A few years back we had some set of 2.2 trailing arms made in Denmark. A machine shop known to one of our members laser cut pates for ten set of trailing arms. As a part of the original trailing is needed to produce the new set, we handed over our old set and had a new set made. I got the first set myself.

The steel plate for our reconstructed trailing arms had a better quality than the original and as we used a thicker plate the new trailing arms only had one layer of steel plate all way around. The original trailing arms had two layers on the sides.

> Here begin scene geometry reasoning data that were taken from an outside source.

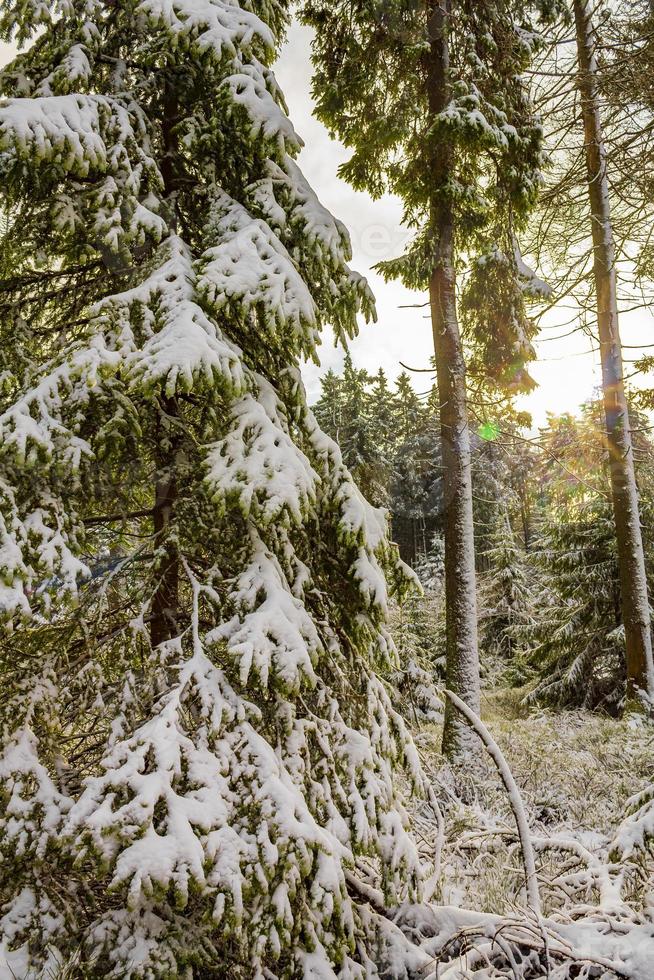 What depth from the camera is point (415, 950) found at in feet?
8.88

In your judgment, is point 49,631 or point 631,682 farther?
point 631,682

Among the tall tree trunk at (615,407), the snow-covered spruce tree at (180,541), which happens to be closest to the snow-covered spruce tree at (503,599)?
the tall tree trunk at (615,407)

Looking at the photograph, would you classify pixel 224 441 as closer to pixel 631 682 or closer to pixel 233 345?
pixel 233 345

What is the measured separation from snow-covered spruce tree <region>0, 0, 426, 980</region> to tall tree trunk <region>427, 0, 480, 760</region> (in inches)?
159

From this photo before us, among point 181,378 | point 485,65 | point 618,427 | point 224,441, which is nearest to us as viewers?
point 181,378

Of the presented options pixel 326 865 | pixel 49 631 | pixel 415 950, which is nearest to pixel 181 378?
pixel 49 631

The original trailing arms rust mainly from inside and between the two layers of plate.
Therefore I closed my trailing arms completely, drilled a hole on the upper side poured in some rust protecting oil, and then closed the hole with a plastic plug. Not stainless but I am sure that my trailing arms “will last forever”

Maybe the drawings or files for controlling the laser cutting machine will still be available at the machine shop.

If you are reproducing some trailing arms please have in mind that stainless steel does not have the same strength as normal steel.

Regards Hans

Since the trailing arms being made on the continent are in fact incorrect, as well as costly, I am investigating having some made in the U.K.  Now it may turn out that it will not be economic, or there is insufficient demand and to make the unit price reasonable we need a minimum number, but at this stage it is only an investigation into the possibility, so nothing to lose yet.

Since you say that some drawings had been made Hans, and maybe are still available, would you be prepared to find out if they are available, and if they would want any charge to let us have copies?  Thanks.

BTW what were those Danish trailing arms like?  Good quality and accurate?  Did anyone recheck their suspension alignment afterwards to make sure the geometry was exactly the same as the original?  How did the cost work out - similar to those commercially sold or more expensive (or cheaper)?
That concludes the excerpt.